I arrived at work 5 minutes late.  I am never late.  And I walked in at the exact same time as my boss, so he definitely saw me arrive late.  There were already two patients in the waiting room and the phone was ringing.  I tried to switch from Mom Mode to Work Mode, but my emotions were already spilling over.  Thus I ended up crying in the bathroom at work.

As I reprocess all of this now, I realize that I had let a lot of things beat me up during the week.  People's words, my thoughts, numbers on scales and tags, circumstances.  Not only did I have bruises and fractures from receiving the blows, but I also had bloody knuckles from taking my own shots.

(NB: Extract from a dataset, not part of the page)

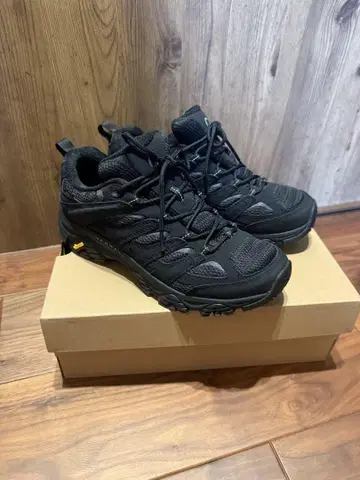 MERRELL MOAB 3 SYNTHETIC GORE-TEX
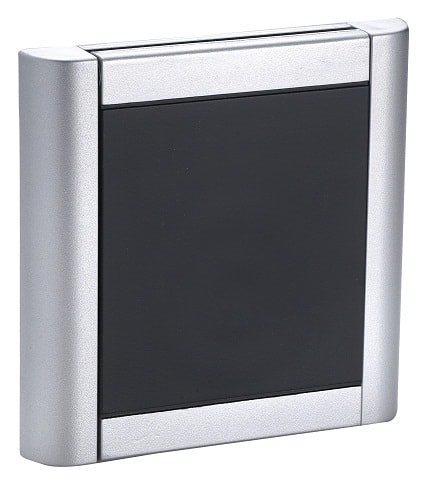 Nilfisk sugekontakt alu/sortS42000226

I think a lot of the thoughts that swirl around in my mind are coated in my own misconceptions and insecurities.  It's time for them to take a little bath in truth.  My house is messy, but it doesn't mean I'm a bad wife.  It means my family members suck at picking up after themselves.  It means we could all do a better job picking up after ourselves, and it's not all my responsibility.  I haven't lost any weight, but maybe my heart is healthier from my exercise.  My stomach is a constant source of pain and frustration.  I am doing the best I can to make good food choices, and some days are good.  I'm a super rule follower, and I never intentionally went against any of the arrangements we had made with Nora's school.  The principal has a responsibility to manage the school just like I have a responsibility to manage my kids.

Nora's leg will heal.  Some days my house will be clean and I'll feel good.  Some days I'll take my chubby hindquarters into the work bathroom to cry while my stomach hurts and I remember someone's critical words.  The beauty is that I get to start fresh each morning.  Sometimes I don't even have to wait for the next morning.

After I finished my ugly cry and wiped my face, I came back out to my workstation.  I took a few breaths in and out.  I turned to my coworker and said, "Morning:  take two.  How are you today?"